**Information provided**
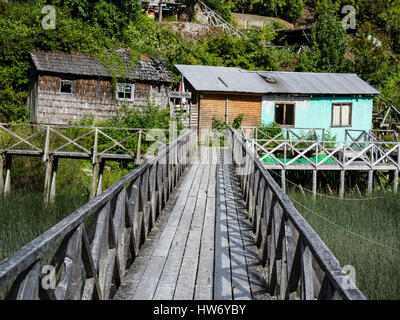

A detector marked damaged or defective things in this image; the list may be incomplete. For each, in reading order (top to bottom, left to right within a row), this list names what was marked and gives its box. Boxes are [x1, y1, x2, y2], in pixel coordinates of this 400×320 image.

rusty metal roof sheet [30, 49, 172, 82]
rusty metal roof sheet [174, 64, 378, 95]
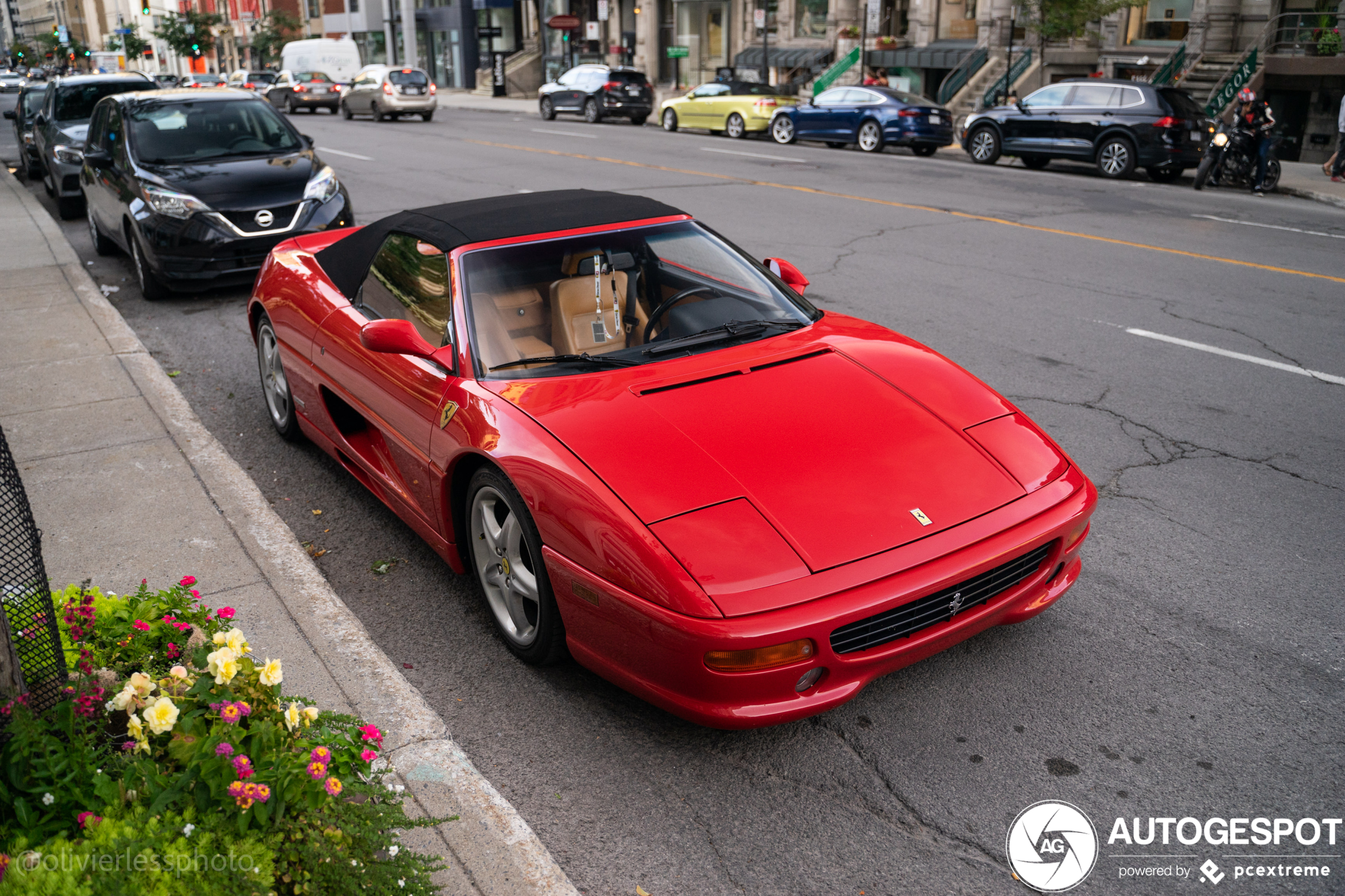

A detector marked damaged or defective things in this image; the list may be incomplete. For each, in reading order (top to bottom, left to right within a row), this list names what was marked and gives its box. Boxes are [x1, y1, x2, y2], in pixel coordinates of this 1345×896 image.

crack in asphalt [1011, 390, 1334, 494]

**Task description**
With the pictures set aside, copy each line above as written.

**Exercise response**
A detector marked damaged or defective things in this image; the list may be incomplete. For each, in reading order (top to bottom, left to right within a row), this list names what was marked and gives its box. Boxes are [x1, y1, x2, y2], in pixel coordinates of this 400×320 image.

rusty metal roof sheet [30, 49, 172, 82]
rusty metal roof sheet [174, 64, 378, 95]

A detector marked damaged or defective things in this image; the list may be incomplete. For each, in reading order (top to bottom, left to right within a row), this list names what was marked and gives its box. Boxes are [x1, y1, x2, y2], in pixel coordinates of this 1345×896 image.

crack in asphalt [1011, 390, 1334, 494]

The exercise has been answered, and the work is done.